On average one child dies from a portable pool-related drowning every year in Australia, while others need hospital treatment and may be left with severe brain injuries. These statistics have prompted Australian Consumer Law and product safety regulators to join forces with Royal Life Saving Society - Australia to remind parents and carers to make portable pools SAFE.
Portable pools – ranging from small blow-up or plastic paddling or kiddie pools to bigger wading pools, inflatable spas or high-sided flexible plastic pools on a frame – can be popular in summer as a cheap alternative to below-ground pools BUT they’re just as dangerous.
“It’s timely to warn West Australians about the drowning risk associated with portable pools as the weather warms up and you perhaps consider buying a portable pool for your backyard, or as a Christmas gift,” Consumer Protection Commissioner David Hillyard said.
“We partnered with Royal Life Saving in 2014/15 to run a campaign called ‘Make It Safe’. Now we’re collaborating again, with the added reminder of ‘Don’t Duck Out’ of the responsibilities you take on when you buy a portable pool, which may include putting up a safety barrier.
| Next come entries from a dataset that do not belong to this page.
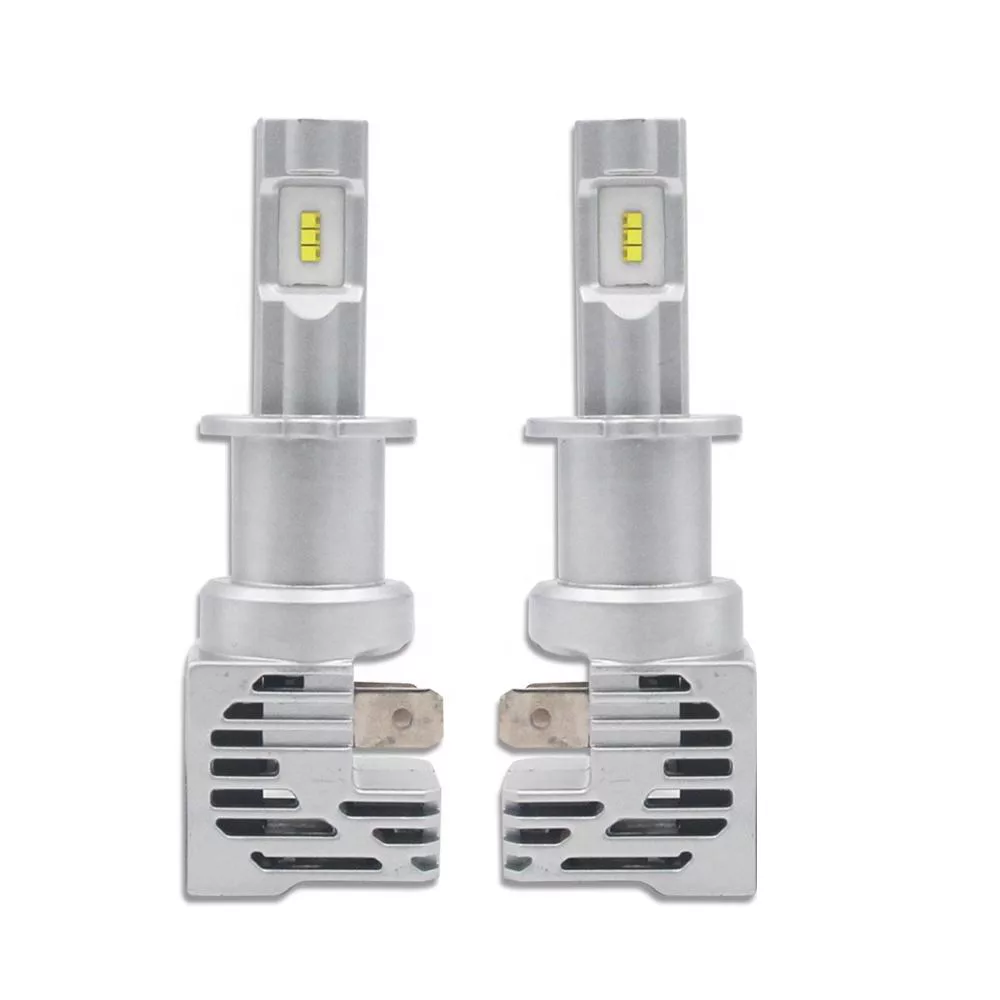 لامپ هدلایت خودرو مدل 2024M3 پایه H3 بسته دو عددی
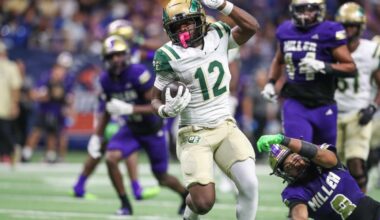 Meet the Texas high schooler who rushed for 1,628 yards in the state playoffs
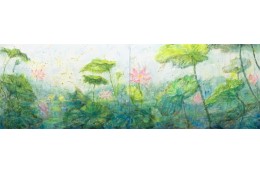 朱若茵《小村》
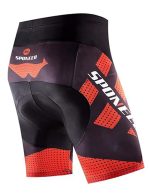 sponeed Men's Cycling Shorts 4D Padded Bicycle Riding Pants Bike Biking Clothes Cycle Wear Tights - Image 2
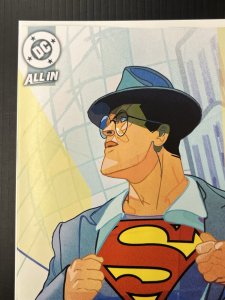 SUPERMAN UNLIMITED #2 CVR E 1:25 CHRISTIAN WARD VAR 2025 IN-HAND PROSHIPPER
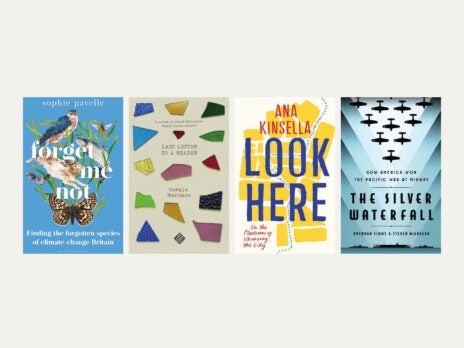 Reviewed in short: New books from Sophie Pavelle, Brendan Simms and Steven McGregor, Ana Kinsella and Gerald Murnane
Anyone thinking about purchasing a portable pool should take a few minutes to check out www.productsafety.gov.au/makeitsafe.”
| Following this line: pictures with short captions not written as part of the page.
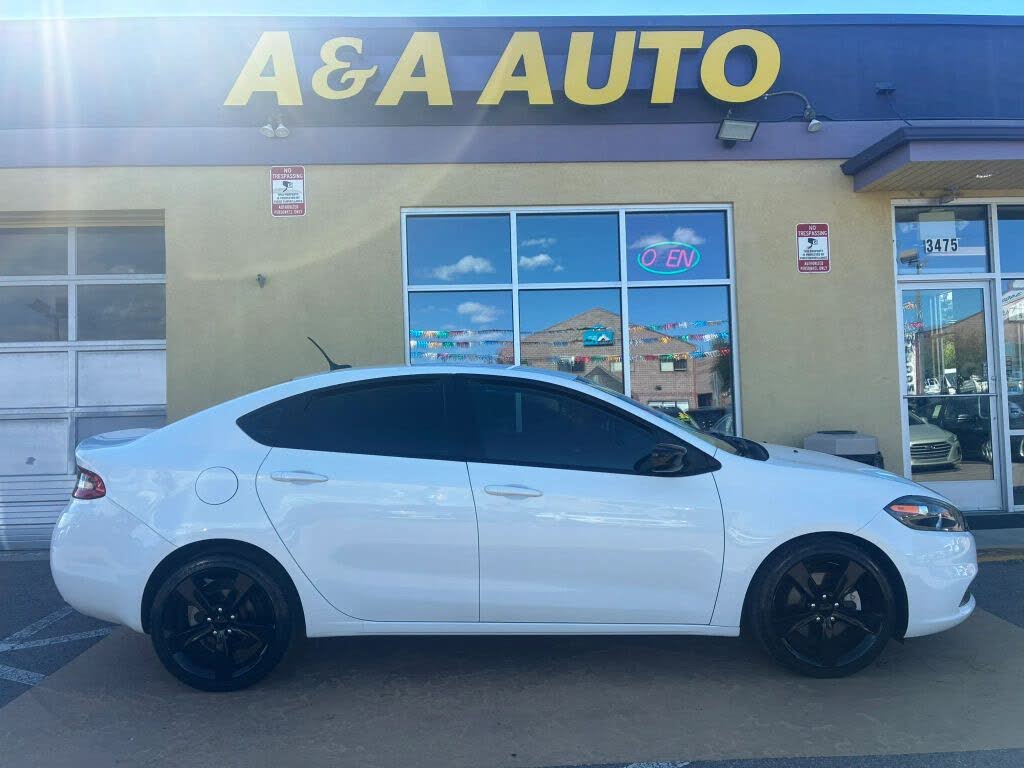 2014 Dodge Dart SXT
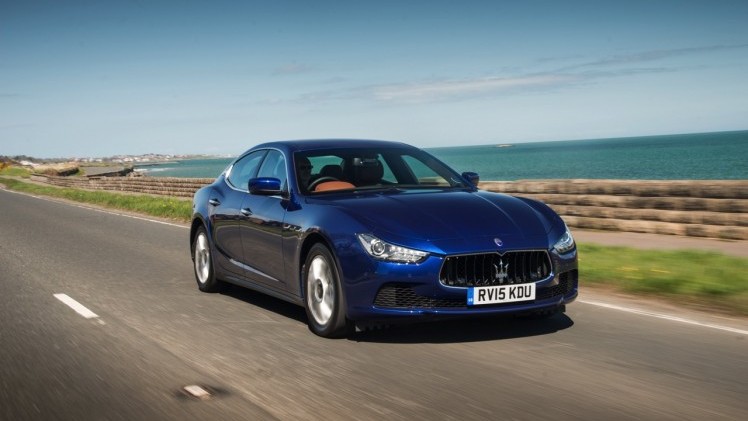 Autotest Maserati Ghibli Diesel, een vurige sportsedan voor wie wat anders wilt rijden.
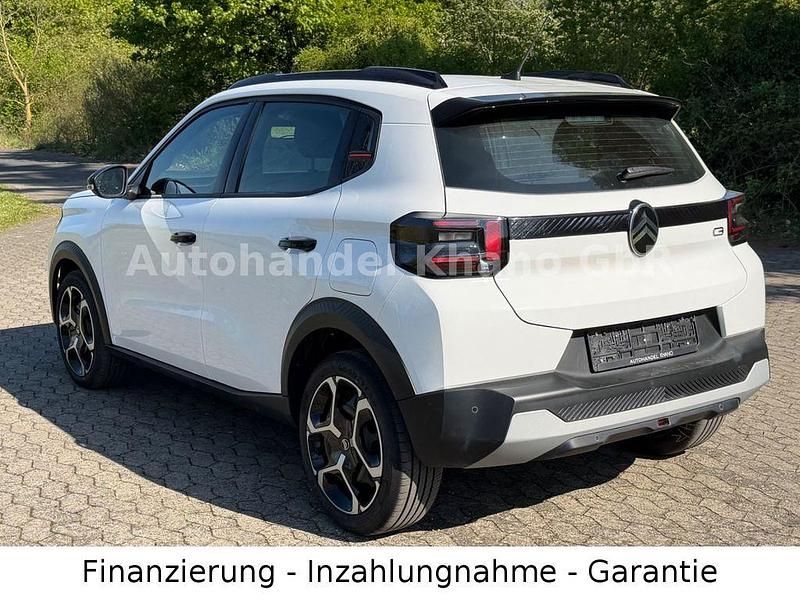 Gebraucht Citroën C3 101 PS (74 kW) 2025 Weiß SUV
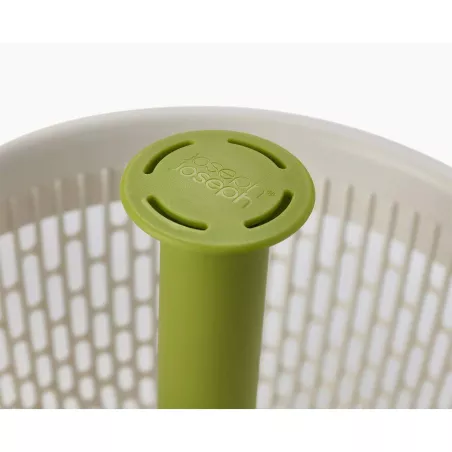 SPINDOLA Essoreuse Passoire à salade pour évier Joseph Joseph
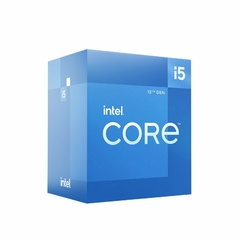 Processador Intel Core I5-12400 2.50 GHZ Alder Lake 18MB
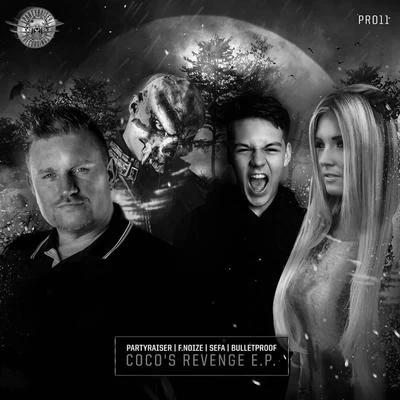 F. Noize/Sefa/Partyraiser Cocos Revenge E.P.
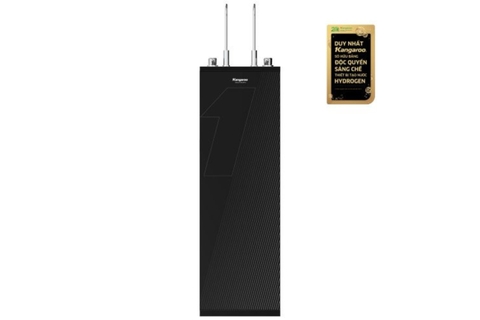 Máy lọc nước Kangaroo Hydrogen ion kiềm nóng lạnh 11 lõi KG100EHC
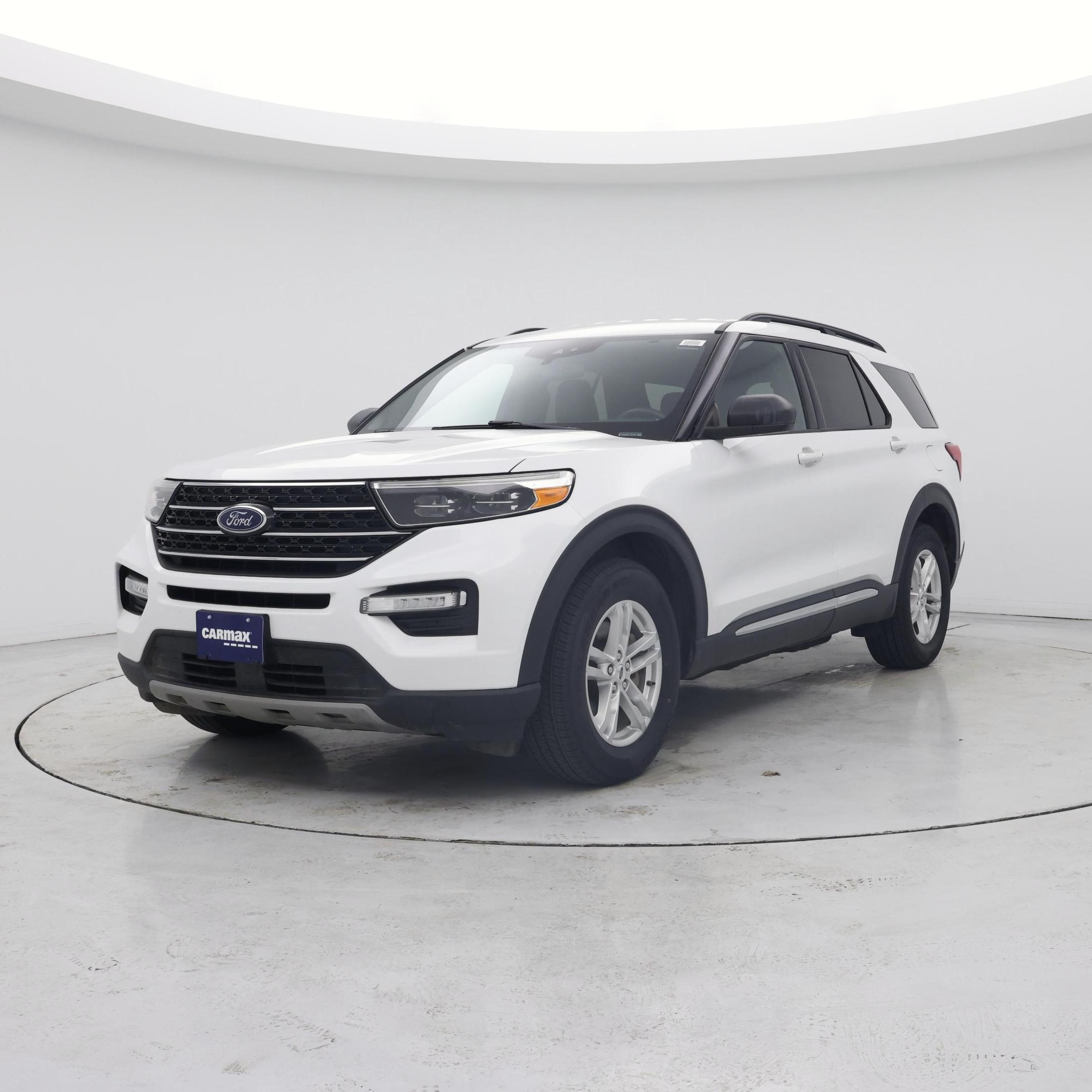 Thumbnail: 2020 Ford Explorer - 4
Royal Life Saving Society – Western Australia CEO, Peter Leaversuch says their annual National Drowning Report highlights the issue of portable pool drowning and who is most at risk. “Our statistics show there is one child fatality as a result of a portable pool drowning each year. The child is almost always under five-years-old and more likely to be male.
“We don’t want any deaths or hospitalisations due to drowning this summer. Adults following the Don’t Duck Out, Make It SAFE tips, such as keeping constant watch of kids around portable pools, can reduce the risk and potentially save lives.”
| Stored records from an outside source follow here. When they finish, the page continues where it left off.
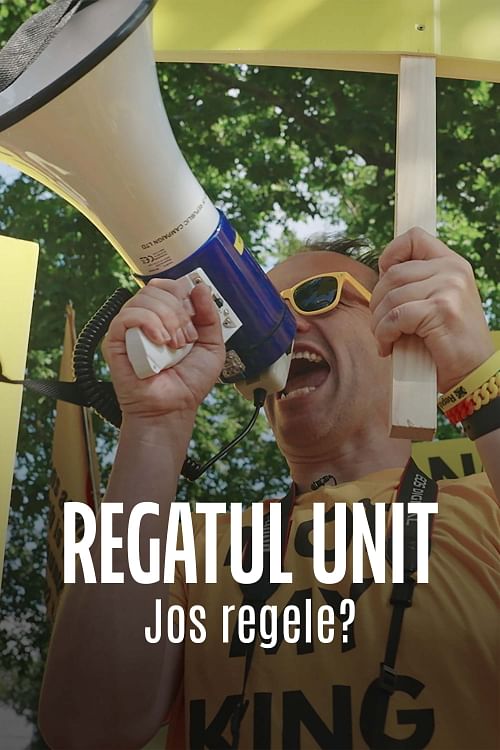 Not my king: anti-monarhia în Regatul Unit.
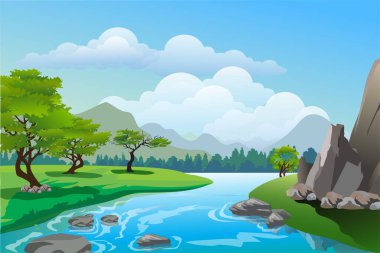 abstract business background with copy space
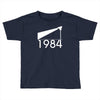 1984george orwell Toddler T-shirt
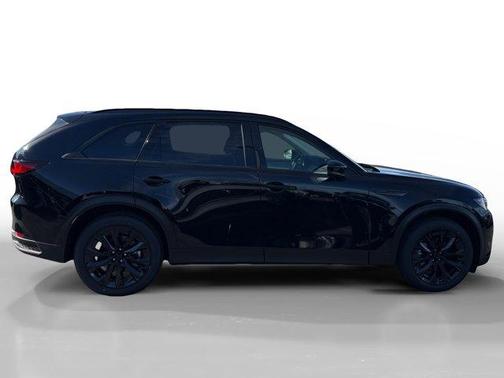 Jet Black Mica 2026 Mazda CX-90 3.3 Turbo Premium Sport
Supervise. Actively watch children within arm’s reach. Don’t leave older children in charge.
Act. Learn emergency first aid including CPR. It’s important to start compressions and breaths as soon as possible when a child is pulled from the water and to call triple zero (000) for help. If there are two people, one should make the phone call while the other does CPR.
Fence. In WA, and most of Australia, pools with more than 30cm of water in, are legally required to have a compliant safety barrier. Check with your local Council.
Empty and store safely. After keeping watch all day, pour out water and put the pool away where children can’t reach. Never leave it where it can refill with rain or sprinkler water.
Under the Australian Consumer Law, portable pools and their packaging are required to have labels drawing the buyer’s attention to drowning risk, the need for active supervision, proper storage and local fencing laws. The Australian Competition and Consumer Commission (ACCC) and state and territory consumer protection regulators enforce product safety labelling laws by carrying out inspections of portable pools at retailers. Since July 2018 Consumer Protection WA has visited about 50 stores and checked more than 290 portable pools; inspectors found only one paddling pool and one inflatable spa were not compliant. Suppliers of portable pools failing to comply with the mandatory standard can face hefty penalties.